FFC head Ralph Reed introduced Trump as someone who has "become a good friend," and had earlier in the morning given a speech urging evangelicals to back Trump while obliquely acknowledging his flaws.

"Unlike a lot of our friends on the other side, we're not looking for a political messiah, because we already have a messiah," Reed said. "Perfection is not the measure that should be applied," Reed said, not to any political leader or person.

Evangelicals were "called to put away our ‘my way or the highway’ pride," Reed said. "Different persons have different modes of excellence."

Trump finally arrived after a long interlude in which Reed had to improvise while Trump headed toward the venue, and gave a relatively short, controlled speech that stood out only for its similarity to any other politician's standard stump speech.

Trump alternated between reading off the teleprompter and appearing to ad-lib every few lines (dropping in "believe me" and other catchphrases), his tone and demeanor markedly different in either mode.

Trump did not mention Gonzalo Curiel, the judge in the Trump University case whom Trump has repeatedly attacked because of his Mexican heritage; the attacks have caused turmoil in the Republican Party and Republican leaders have publicly and privately begged him to stop. He didn't mention Elizabeth Warren, who endorsed Hillary Clinton yesterday and whom Trump has been referring to as "Pocahontas" on Twitter. And when protesters interrupted his speech, Trump stayed cool, merely remarking, "Very rude." Trump gave a standard anti–Hillary Clinton speech with a few nods to his evangelical audience, vowing, "We will respect and defend Christian Americans. Christian Americans."

For this, Trump received a standing ovation. The scene offered a sharp contrast from a talk Trump gave last year to the Values Voter Summit, another gathering of Christian political activists, where he was booed. There was also the Family Leadership Summit in Iowa last year, where Trump said he had never sought forgiveness from God.

The embrace at the Faith and Freedom Coalition conference comes despite Trump's shaky credentials on the issues these voters care about, including abortion and marriage.

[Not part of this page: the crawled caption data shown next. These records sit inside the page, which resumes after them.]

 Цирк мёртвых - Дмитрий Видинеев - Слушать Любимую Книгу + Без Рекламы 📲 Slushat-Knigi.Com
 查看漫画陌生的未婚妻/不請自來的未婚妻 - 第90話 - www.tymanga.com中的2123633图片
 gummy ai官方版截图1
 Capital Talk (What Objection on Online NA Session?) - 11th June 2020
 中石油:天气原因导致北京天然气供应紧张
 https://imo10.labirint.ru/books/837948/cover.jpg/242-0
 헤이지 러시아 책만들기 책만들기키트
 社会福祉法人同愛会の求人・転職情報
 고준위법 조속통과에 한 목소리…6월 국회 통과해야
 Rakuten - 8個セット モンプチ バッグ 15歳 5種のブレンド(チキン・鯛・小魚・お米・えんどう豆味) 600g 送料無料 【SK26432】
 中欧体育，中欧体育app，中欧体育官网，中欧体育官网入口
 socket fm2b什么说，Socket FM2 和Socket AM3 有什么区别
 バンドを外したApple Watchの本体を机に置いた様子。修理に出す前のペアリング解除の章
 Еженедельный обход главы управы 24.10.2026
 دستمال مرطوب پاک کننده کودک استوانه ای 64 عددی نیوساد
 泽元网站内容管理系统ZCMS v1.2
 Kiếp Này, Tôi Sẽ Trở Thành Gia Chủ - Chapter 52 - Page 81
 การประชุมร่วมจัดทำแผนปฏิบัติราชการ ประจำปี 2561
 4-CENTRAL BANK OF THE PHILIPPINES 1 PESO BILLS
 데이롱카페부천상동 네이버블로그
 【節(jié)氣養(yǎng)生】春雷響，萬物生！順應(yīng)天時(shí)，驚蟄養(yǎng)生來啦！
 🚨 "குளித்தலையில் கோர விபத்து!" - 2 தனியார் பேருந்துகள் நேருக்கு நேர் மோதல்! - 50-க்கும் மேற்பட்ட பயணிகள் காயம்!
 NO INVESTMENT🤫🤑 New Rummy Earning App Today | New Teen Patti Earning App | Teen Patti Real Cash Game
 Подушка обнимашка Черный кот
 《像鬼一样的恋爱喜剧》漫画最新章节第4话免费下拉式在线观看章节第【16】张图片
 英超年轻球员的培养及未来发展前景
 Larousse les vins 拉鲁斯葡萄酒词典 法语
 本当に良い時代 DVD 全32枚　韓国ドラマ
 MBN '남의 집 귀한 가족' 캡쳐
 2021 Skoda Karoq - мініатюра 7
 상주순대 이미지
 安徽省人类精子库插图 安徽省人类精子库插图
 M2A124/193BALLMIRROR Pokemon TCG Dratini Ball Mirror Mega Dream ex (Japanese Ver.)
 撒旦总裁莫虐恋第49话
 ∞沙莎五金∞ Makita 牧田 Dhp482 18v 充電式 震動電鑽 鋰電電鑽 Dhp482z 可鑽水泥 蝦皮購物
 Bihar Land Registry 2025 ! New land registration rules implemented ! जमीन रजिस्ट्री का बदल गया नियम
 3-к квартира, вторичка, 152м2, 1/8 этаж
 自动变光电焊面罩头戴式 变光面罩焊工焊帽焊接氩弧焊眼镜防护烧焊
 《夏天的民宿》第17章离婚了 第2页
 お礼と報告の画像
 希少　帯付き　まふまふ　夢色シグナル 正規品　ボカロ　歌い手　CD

But the stakes have changed now that Trump is the nominee.

"I think increasingly the faith community is feeling more and more confident that they can be comfortable supporting him enthusiastically," said Steve Scheffler, head of the Iowa Faith and Freedom Coalition. "There are gonna be two choices; one’s gonna win and one’s gonna lose. The bottom line is if they stay home or they don’t vote, we’ll get Hillary Clinton."

"I know that he doesn't have the strong conservative practices that I have, but I believe that he understands and that he supports it," said Suzan Weaver, an activist at the conference from Washington.

"His tone, it doesn't offend me," Weaver said.

Not everyone was impressed. Carly Fiorina, who was a frequent and harsh critic of Trump during the primary, told the audience, "We have to win the right way," and seemed to urge them to focus on down-ballot races.

"He's not a constitutionalist. You don't know what he believes in; he says one thing one minute, then he flip-flops. He turns around when they corner him on something and he changes his story," said Juanita Eads, an activist from Florida. "He supports Planned Parenthood."

"He says what he thinks you want to hear," Eads said. "Just like Obama does."